- Born: July 20, 1924 Arkadelphia, Arkansas, U.S.
- Died: September 9, 2025 (aged 101) Eugene, Oregon, U.S.
- Education: University of Arkansas (BS) Massachusetts Institute of Technology (PhD)
- Known for: Optical fiber

= Robert D. Maurer =

American industrial physicist (1924–2025)

Robert D. Maurer (July 20, 1924 – September 9, 2025) was an American industrial physicist noted for his leadership in the invention of optical fiber.

In 1979, Maurer was elected a member of the National Academy of Engineering for contributions to the technology of low-loss fibers for optical communication.

==Early life==
Maurer was born either in Arkadelphia, Arkansas, or by other accounts in Richmond Heights, Missouri. In 1943 he enlisted in the United States Army Reserve and began studies at the University of Arkansas. He was quickly called up for active service, and studied preengineering for about one year at the Huntsville, Texas, state college. In 1944 he shipped overseas with the 99th infantry division for combat in France and Belgium along the German border. He was wounded by a landmine, spending more than 20 months in the hospital before receiving a disability discharge with Purple Heart.

Supported by the GI Bill, Maurer returned in 1946 to the University of Arkansas to study chemical engineering, but quickly switched to physics. He graduated with a B.S. in physics in 1948, then performed graduate work at Massachusetts Institute of Technology, where he measured second sound velocity in liquid helium. He took his orals in summer 1951, and graduated with a physics PhD in the winter class.

==Corning==
In 1952 Maurer joined the physics department of Corning Glass Works, becoming manager of its applied physics group in 1960, and ultimately research fellow in 1978. He retired from Corning Incorporated in 1989.

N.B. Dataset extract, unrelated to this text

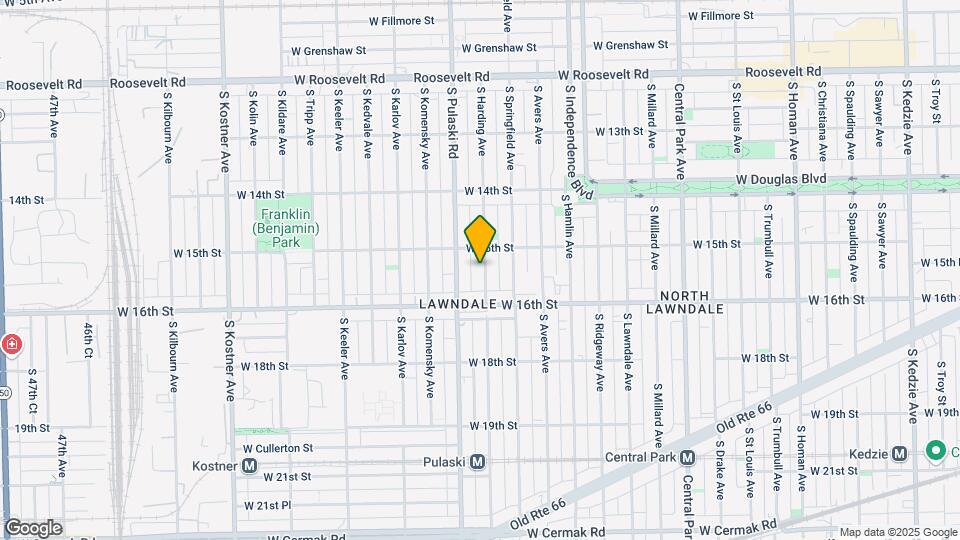 North Lawndale | 13.7% Cap Rate | Low Vacancy Map and Location Details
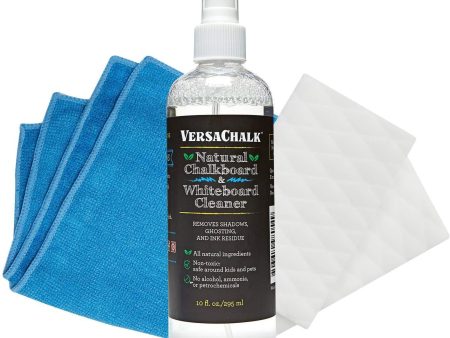 VersaChal 100% Natural Chalkboard Cleaner Spray and Eraser Kit  (250 mL) - Remove Liquid Chalk Marker Ink from Chalk Board Signs, Whiteboard Sale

Around 1966 Maurer learned of Charles K. Kao's pioneering work in optical fibers at the Standard Telephones and Cables company in the United Kingdom, and initiated a project to develop such fibers at Corning. In 1970 Maurer and his colleagues Donald Keck and Peter C. Schultz designed and produced the first fiber with optical losses low enough for use in telecommunications by a novel process of depositing titania-doped silica inside a quartz tube using a flame-hydrolysis process and sintering, then fusing it to draw into fiber. They demonstrated optical loss as low as 20 dB/km, which for the first time indicated a practical technology.

==Honours and awards==
Maurer was an elected member of the National Academy of Engineering (1979) and inducted into the National Inventors Hall of Fame (1993), and a fellow of the American Ceramic Society, Institute of Electrical and Electronics Engineers, and American Physical Society, and has received numerous honors including the American Institute of Physics' 1978 Prize for Industrial Physics, the 1978 IEEE Morris N. Liebmann Memorial Award, the Swedish Academy of Engineering's 1979 L.M. Ericsson International Prize for Telecommunications, an honorary LL.D. Degree from the University of Arkansas in 1980, the Industrial Research Institute's 1986 Achievement Award, the 1987 John Tyndall Award from IEEE Lasers and Electro-Optics Society and Optical Society of America, the 1989 Naval Research Laboratory Citation, the American Physics Society's 1989 International Prize for New Materials, the 1999 Charles Stark Draper Prize, the 2000 National Medal of Technology, and the 2007 NEC C&C Prize.

== Patents ==
Maurer held 16 patents, including:
- US Patent 3,659,915: Fused Silica Optical Waveguide; Method of Producing Optical Waveguide Fibers
- US Patent 3,711,262: Optical Fibers

== Death ==
Maurer died in Eugene, Oregon on September 9, 2025, at the age of 101.